Petit à petit, elle fait le lien entre ses deux univers. En 2020, elle lance sa propre activité et commence à vendre ses tirages artistiques. Le succès est immédiat. « J'ai eu des expositions à Los Angeles, Miami, Munich et Bahreïn, et une autre est prévue cette année. »

Son regard artistique influence désormais directement le travail de Ruf. « Mon père est un ingénieur dans l'âme. Moi, j'apporte une touche plus esthétique. Par exemple, j'ai participé aux choix des couleurs et des finitions du Ruf CTR Anniversary et du Ruf Rodeo, notre tout-terrain inspiré par Ralph Lauren et l'expérience américaine de ma mère. »

Aujourd'hui, elle poursuit un Master en Art Business, avec le soutien de ses parents. « Ils me font confiance et j'ai beaucoup d'idées en tête. Certaines seront dévoilées cet été à Monterey. »

Une vision pour l'avenir de Ruf

Monterey Car Week 2024 a marqué un moment fort pour la famille Ruf : la restauration d'une Porsche 901 de 1963, anciennement propriété de Ferdinand Piëch, a remporté le Best in Class et l'Art Center Award au Concours d'Élégance de Pebble Beach. « C'était la première voiture de mon frère. Sa restauration a été un projet de longue haleine, et voir la voiture honorée à Pebble Beach, entourée d'icônes automobiles, c'était un moment inoubliable. »

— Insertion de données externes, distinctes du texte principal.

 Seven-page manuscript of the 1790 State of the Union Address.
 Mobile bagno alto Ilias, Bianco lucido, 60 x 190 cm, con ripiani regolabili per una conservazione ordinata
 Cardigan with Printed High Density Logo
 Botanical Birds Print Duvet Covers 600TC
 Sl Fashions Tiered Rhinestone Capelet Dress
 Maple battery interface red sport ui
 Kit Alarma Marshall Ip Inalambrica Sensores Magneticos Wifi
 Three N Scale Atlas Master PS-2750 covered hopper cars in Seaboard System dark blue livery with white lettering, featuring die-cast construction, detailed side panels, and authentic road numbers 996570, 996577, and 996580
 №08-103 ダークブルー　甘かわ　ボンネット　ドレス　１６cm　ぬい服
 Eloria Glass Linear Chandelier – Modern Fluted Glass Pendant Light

Cette immersion dans les cercles les plus prestigieux de l'automobile lui a aussi permis de découvrir d'autres facettes de cette culture. « J'ai toujours été fascinée par les concept-cars et leur vision du futur, mais vivre à Los Angeles m'a aussi fait découvrir la culture Lowrider. L'attention portée aux détails, la dimension artistique… C'est incroyable. »

Malgré cette ouverture à d'autres influences, Porsche et Ruf restent au cœur de sa passion. « Je n'ai pas encore de Ruf à moi, mais j'y travaille ! Si je devais en choisir une aujourd'hui, ce serait la CTR Anniversary. Avec 710 ch pour 1 200 kg, elle donne l'impression de voler. Pas d'aides électroniques, juste du pur plaisir de conduite. »

Mais au-delà de la performance, Aloisa veut insuffler un nouvel élan à la marque. « Nous avons de nombreux projets en cours, et nous envisageons d'augmenter légèrement la production au-delà des 30 voitures annuelles. J'aimerais aussi développer notre relation avec les clients et intégrer Ruf dans la pop culture. La nouvelle génération doit pouvoir découvrir la marque, comme l'ancienne l'a fait grâce à Gran Turismo. »

Une première étape a été franchie avec la collaboration avec Highsnobiety, qui a permis de voir des vêtements Ruf portés à la Fashion Week. « Les gens ne connaissaient pas Ruf, mais ils aimaient le style. C'est une porte d'entrée vers notre univers. »

Fidèle à l'héritage familial, Aloisa apporte une vision nouvelle, mêlant performances, design et art. Avec elle, l'avenir de Ruf s'annonce aussi audacieux que son passé.